PROMPT: Reproduce the material below only from the line with "Houston Tartan Family" to the line with "Green dalmatic with", both included, keeping each line exact and dropping the pictures.

EXCERPTED DATA:
Content starts

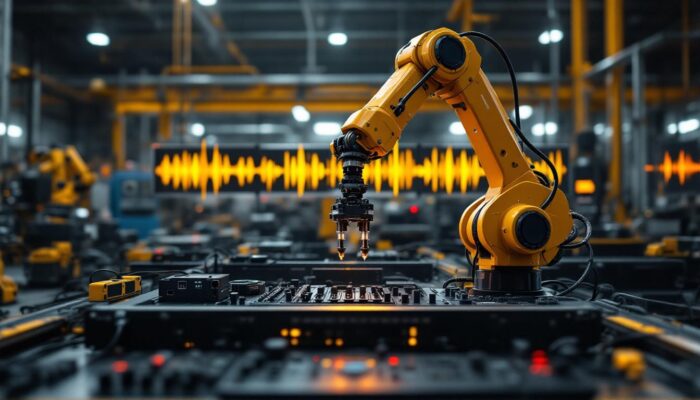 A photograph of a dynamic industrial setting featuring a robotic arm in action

Content ends
Content starts

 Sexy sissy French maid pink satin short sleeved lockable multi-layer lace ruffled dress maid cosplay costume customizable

Content ends
Content starts

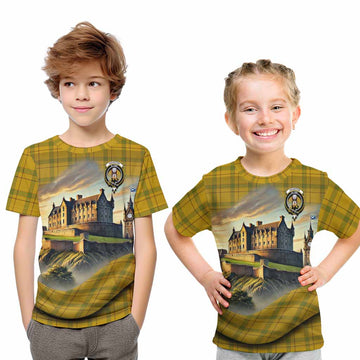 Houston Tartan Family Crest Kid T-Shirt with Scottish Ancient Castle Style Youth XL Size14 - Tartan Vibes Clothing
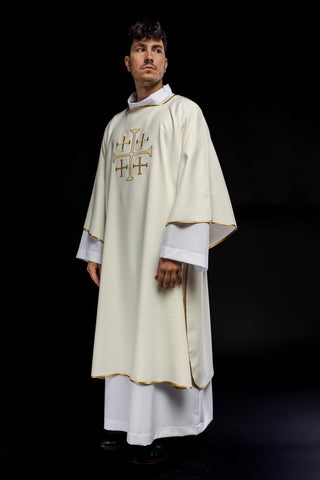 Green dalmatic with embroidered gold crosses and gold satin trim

Content ends

THE COMPLETED TASK:
 Houston Tartan Family Crest Kid T-Shirt with Scottish Ancient Castle Style Youth XL Size14 - Tartan Vibes Clothing
 Green dalmatic with embroidered gold crosses and gold satin trim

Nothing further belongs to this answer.